*** Opening Information supplied ***

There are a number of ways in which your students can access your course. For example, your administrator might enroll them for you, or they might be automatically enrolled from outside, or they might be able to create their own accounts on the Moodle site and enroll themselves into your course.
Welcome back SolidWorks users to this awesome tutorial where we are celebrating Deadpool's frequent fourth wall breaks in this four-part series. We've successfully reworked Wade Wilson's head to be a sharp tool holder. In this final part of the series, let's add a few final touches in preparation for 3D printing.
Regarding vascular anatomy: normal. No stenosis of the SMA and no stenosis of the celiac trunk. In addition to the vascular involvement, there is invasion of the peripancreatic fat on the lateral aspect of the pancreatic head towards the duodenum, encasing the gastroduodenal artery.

*** Closing Information supplied ***
*** Opening Information supplied ***

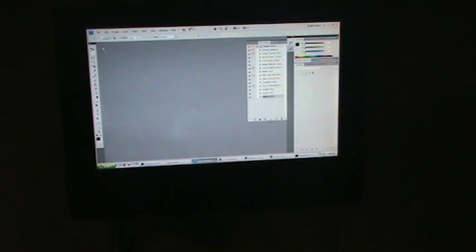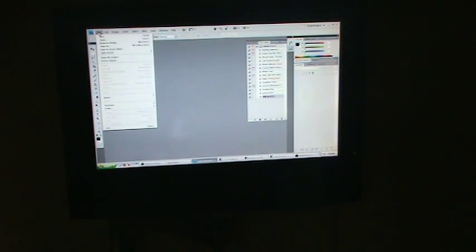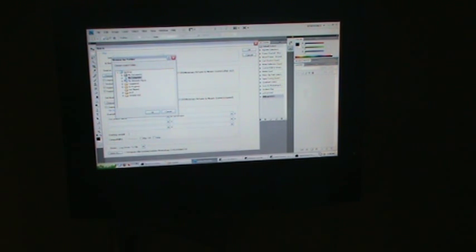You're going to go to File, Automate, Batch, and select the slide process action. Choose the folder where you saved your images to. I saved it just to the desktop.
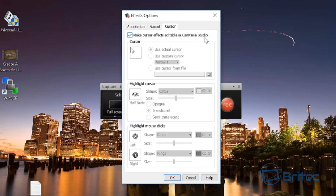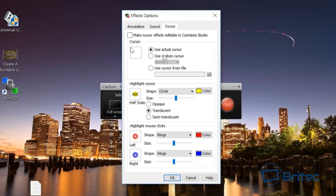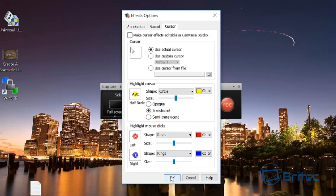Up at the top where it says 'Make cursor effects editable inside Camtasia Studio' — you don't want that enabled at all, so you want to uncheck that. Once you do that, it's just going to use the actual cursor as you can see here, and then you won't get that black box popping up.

*** Closing Information supplied ***
*** Opening Information supplied ***

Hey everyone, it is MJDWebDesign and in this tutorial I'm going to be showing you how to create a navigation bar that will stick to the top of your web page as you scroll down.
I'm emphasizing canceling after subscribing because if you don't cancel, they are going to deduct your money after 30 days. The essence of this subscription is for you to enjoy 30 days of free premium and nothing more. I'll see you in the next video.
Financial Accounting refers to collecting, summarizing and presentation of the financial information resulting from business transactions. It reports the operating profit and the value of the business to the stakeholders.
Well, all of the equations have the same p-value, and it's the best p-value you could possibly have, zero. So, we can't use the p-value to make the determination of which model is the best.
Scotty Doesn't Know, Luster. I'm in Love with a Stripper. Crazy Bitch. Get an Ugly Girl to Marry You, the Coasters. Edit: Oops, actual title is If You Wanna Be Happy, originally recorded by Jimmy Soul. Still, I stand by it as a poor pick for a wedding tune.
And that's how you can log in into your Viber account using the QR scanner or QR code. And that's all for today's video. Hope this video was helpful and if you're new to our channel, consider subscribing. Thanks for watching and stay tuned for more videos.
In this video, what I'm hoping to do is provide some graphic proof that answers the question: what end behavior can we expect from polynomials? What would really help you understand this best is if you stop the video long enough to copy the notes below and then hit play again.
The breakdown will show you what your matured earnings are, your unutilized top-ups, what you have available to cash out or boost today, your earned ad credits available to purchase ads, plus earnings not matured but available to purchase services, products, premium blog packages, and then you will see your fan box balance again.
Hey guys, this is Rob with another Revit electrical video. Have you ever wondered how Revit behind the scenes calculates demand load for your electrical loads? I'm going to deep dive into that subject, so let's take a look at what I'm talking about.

*** Closing Information supplied ***

◆ What to do: Could you set down, word for word, only the lines above from the line with "I'm emphasizing canceling" to the line with "Financial Accounting refers", including both?

◆ Solution for this task:
I'm emphasizing canceling after subscribing because if you don't cancel, they are going to deduct your money after 30 days. The essence of this subscription is for you to enjoy 30 days of free premium and nothing more. I'll see you in the next video.
Financial Accounting refers to collecting, summarizing and presentation of the financial information resulting from business transactions. It reports the operating profit and the value of the business to the stakeholders.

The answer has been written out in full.